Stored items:
──────
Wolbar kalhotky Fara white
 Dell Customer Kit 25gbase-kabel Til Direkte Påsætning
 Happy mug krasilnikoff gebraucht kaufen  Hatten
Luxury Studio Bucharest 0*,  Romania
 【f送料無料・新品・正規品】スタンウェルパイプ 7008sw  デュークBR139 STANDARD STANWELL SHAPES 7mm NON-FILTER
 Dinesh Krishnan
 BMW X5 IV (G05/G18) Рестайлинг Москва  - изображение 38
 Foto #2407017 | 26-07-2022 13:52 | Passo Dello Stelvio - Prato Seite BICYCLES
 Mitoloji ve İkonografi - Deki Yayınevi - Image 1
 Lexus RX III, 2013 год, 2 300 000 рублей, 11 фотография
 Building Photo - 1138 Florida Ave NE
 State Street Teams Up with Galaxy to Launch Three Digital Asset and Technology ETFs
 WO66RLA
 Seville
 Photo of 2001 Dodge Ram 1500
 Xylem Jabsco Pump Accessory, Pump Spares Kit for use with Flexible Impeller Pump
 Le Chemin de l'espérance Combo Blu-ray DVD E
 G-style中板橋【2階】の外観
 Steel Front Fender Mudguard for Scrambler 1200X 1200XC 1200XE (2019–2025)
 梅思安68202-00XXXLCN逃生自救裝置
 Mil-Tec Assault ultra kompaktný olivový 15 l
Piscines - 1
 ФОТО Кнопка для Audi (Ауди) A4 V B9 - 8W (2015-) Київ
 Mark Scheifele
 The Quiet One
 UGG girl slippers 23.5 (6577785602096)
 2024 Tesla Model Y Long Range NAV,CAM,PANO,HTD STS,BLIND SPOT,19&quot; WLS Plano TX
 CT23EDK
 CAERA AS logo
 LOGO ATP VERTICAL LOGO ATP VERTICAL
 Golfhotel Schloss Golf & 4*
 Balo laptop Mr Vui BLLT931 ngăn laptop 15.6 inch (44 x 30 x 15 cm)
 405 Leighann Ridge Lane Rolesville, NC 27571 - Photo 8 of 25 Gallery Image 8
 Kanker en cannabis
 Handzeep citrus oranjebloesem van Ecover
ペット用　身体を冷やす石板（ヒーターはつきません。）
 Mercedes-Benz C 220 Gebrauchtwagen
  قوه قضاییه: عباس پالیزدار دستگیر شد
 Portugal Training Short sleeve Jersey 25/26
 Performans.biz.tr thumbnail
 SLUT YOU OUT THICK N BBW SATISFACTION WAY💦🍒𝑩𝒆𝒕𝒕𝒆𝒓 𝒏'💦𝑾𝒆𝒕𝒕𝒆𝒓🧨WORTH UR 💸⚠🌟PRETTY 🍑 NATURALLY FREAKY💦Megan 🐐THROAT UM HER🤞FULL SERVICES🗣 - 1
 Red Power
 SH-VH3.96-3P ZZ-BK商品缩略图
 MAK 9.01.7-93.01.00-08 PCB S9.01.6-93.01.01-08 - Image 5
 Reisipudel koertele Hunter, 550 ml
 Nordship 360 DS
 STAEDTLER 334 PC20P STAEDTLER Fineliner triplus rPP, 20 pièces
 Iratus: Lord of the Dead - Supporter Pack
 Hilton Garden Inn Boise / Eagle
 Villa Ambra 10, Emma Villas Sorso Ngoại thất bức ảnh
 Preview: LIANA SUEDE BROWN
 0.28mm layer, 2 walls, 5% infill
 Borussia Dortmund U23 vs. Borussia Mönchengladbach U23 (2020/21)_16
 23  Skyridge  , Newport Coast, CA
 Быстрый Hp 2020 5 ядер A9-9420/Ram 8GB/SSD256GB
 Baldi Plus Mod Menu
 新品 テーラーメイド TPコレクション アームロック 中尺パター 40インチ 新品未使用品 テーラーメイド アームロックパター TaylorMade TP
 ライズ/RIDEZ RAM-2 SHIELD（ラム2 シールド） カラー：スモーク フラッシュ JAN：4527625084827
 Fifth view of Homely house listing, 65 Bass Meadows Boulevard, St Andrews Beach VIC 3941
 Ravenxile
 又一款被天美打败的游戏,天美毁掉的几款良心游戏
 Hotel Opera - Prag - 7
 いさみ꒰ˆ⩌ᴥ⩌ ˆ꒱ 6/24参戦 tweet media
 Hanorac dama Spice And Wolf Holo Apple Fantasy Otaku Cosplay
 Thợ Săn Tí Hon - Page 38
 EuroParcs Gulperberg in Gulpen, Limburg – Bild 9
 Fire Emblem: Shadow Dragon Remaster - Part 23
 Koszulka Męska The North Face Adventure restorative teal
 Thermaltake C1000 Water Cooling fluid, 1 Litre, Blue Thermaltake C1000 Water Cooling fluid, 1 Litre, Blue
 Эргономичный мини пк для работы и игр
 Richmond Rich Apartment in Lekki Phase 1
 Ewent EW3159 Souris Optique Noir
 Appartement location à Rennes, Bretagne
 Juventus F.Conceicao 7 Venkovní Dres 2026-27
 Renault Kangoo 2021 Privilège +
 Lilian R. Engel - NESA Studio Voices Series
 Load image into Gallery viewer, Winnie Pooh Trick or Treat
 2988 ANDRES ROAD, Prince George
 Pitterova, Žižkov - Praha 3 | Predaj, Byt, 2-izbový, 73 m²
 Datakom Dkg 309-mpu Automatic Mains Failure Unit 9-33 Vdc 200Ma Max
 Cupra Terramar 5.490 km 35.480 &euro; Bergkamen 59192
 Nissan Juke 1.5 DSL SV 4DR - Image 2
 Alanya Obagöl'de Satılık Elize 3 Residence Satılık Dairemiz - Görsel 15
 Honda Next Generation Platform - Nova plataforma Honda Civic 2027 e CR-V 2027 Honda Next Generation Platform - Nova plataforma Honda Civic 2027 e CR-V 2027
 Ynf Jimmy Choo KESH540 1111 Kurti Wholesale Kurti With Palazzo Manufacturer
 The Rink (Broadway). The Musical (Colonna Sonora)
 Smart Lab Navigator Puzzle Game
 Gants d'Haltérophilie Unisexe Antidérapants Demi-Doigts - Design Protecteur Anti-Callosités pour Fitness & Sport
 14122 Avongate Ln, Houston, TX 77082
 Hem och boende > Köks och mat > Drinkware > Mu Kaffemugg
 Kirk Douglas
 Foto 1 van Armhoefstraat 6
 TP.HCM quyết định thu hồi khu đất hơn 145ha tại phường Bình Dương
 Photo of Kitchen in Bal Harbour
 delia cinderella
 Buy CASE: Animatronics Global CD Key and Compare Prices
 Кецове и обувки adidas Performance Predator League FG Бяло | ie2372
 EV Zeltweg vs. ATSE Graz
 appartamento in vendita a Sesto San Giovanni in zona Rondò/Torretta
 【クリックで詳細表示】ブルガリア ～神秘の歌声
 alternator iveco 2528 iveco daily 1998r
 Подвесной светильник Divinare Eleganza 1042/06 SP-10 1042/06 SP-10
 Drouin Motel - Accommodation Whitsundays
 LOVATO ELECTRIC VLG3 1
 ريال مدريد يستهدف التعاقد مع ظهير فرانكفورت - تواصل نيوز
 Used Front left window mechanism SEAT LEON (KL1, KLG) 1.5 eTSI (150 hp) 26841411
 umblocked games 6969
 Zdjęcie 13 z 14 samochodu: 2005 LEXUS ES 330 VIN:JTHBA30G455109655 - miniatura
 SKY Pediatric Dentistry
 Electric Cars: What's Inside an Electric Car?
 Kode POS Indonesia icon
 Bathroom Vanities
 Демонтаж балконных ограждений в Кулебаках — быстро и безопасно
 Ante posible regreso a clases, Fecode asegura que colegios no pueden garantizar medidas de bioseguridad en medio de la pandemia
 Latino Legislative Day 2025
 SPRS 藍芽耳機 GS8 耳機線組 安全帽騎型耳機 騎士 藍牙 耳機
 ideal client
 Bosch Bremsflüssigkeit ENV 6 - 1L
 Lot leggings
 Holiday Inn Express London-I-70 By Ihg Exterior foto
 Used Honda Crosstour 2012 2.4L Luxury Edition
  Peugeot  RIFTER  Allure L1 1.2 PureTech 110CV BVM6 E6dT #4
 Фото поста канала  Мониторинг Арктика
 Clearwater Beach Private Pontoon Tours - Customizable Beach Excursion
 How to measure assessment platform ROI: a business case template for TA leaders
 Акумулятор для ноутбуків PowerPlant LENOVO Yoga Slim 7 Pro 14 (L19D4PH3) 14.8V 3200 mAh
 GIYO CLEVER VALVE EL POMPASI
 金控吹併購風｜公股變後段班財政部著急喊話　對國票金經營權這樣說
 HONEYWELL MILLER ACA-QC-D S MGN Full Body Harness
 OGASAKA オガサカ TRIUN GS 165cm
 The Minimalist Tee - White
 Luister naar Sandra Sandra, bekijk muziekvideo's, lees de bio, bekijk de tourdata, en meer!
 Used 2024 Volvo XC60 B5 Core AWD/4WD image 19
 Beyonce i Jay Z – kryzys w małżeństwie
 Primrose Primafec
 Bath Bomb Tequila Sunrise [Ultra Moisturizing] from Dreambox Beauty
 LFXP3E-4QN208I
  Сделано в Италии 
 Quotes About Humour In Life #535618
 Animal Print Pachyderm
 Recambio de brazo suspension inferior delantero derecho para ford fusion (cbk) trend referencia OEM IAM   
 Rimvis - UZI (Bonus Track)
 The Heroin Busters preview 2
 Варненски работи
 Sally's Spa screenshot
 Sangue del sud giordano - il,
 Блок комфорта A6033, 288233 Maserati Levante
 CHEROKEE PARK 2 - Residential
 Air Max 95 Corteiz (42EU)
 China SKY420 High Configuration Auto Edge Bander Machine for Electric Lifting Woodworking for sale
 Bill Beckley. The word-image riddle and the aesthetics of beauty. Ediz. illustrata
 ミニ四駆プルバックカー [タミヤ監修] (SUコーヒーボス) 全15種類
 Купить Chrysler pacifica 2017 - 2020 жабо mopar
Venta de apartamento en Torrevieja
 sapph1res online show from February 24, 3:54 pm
──────
* [Prompt]
Start at the first line of the entries and stop at the line with "Golfhotel Schloss Golf & 4*". Retype each of those lines exactly, both ends included.

* [Response to the exercise]
Wolbar kalhotky Fara white
 Dell Customer Kit 25gbase-kabel Til Direkte Påsætning
 Happy mug krasilnikoff gebraucht kaufen  Hatten
Luxury Studio Bucharest 0*,  Romania
 【f送料無料・新品・正規品】スタンウェルパイプ 7008sw  デュークBR139 STANDARD STANWELL SHAPES 7mm NON-FILTER
 Dinesh Krishnan
 BMW X5 IV (G05/G18) Рестайлинг Москва  - изображение 38
 Foto #2407017 | 26-07-2022 13:52 | Passo Dello Stelvio - Prato Seite BICYCLES
 Mitoloji ve İkonografi - Deki Yayınevi - Image 1
 Lexus RX III, 2013 год, 2 300 000 рублей, 11 фотография
 Building Photo - 1138 Florida Ave NE
 State Street Teams Up with Galaxy to Launch Three Digital Asset and Technology ETFs
 WO66RLA
 Seville
 Photo of 2001 Dodge Ram 1500
 Xylem Jabsco Pump Accessory, Pump Spares Kit for use with Flexible Impeller Pump
 Le Chemin de l'espérance Combo Blu-ray DVD E
 G-style中板橋【2階】の外観
 Steel Front Fender Mudguard for Scrambler 1200X 1200XC 1200XE (2019–2025)
 梅思安68202-00XXXLCN逃生自救裝置
 Mil-Tec Assault ultra kompaktný olivový 15 l
Piscines - 1
 ФОТО Кнопка для Audi (Ауди) A4 V B9 - 8W (2015-) Київ
 Mark Scheifele
 The Quiet One
 UGG girl slippers 23.5 (6577785602096)
 2024 Tesla Model Y Long Range NAV,CAM,PANO,HTD STS,BLIND SPOT,19&quot; WLS Plano TX
 CT23EDK
 CAERA AS logo
 LOGO ATP VERTICAL LOGO ATP VERTICAL
 Golfhotel Schloss Golf & 4*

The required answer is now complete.